A court in Vietnam has turned down an appeal by former British rock star Gary Glitter against child molestation charges and ordered him to serve a three-year jail sentence and deportation.
An appeals court judge in the People's Supreme Court of communist-run Vietnam announced the decision in Ho Chi Minh City after a one-day hearing that was closed to the public and the media.
Under Vietnam law, Glitter, 62, may petition the president of the Supreme Court to review the charges and sentence again, a court official said.
Glitter, who rose to fame in the 1970s with hit songs and a bouffant hairstyle, was calm throughout the 40-minute reading of the decision, but shouted his displeasure after the court was dismissed.
"No justice here in Vietnam," Glitter screamed as he was escorted to a green van that returned him to prison in the southern resort town of Vung Tau about 120 km from Ho Chi Minh City. "They did not listen to the defence at all."
Glitter, a stage name, was charged and convicted in Vietnam under his real name Paul Francis Gadd on March 3 in a one-day closed trial. He was found guilty of kissing, fondling and having sex with two 11-year-old girls in Vung Tau.
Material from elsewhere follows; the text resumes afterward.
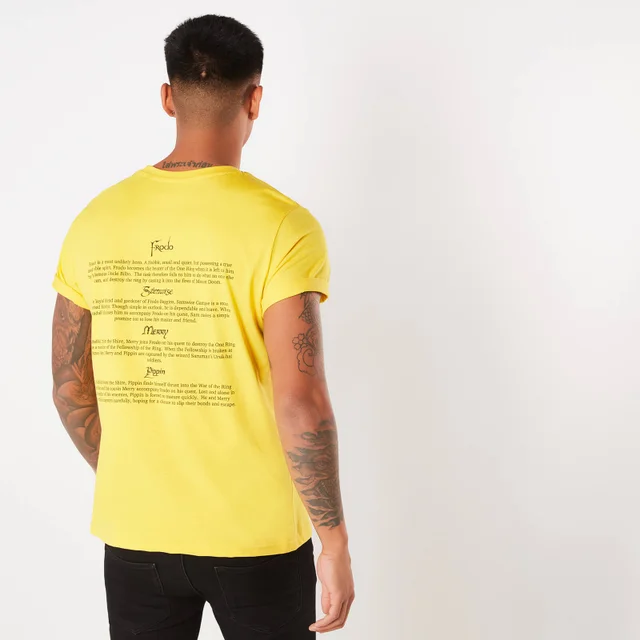 Herr der Ringe The Hobbits Unisex T-Shirt - Gelb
"The appeal court has decided not to accept the appeal," said judge Truong Vinh Thuy through an interpreter in the French-colonial era court house with paint chipped and peeling from walls and ceilings.
"The appeal court confirms the sentence of three years. The appeal court decided to expel the accused after serving the sentence."
The judge said the sentence was effective from November 19, 2005, the day the disgraced Glitter was arrested while trying to flee Vietnam on a plane from Ho Chi Minh City.
Throughout the reading of the decision, Glitter, dressed in all black, stood facing the judge with his hands behind his back.
He occasionally shook his head over the description of the evidence and the charges against him.
At a press briefing after the hearing, a court official said the court considered evidence from Cambodia that Glitter had sexually molested children there as well as his conviction in his home country of Britain of storing pornographic pictures of children on his personal computer.
Glitter has maintained his innocence and accused British tabloid newspapers of conspiring against him and influencing witnesses. Glitter paid $2,000 in compensation to the two girls and their families.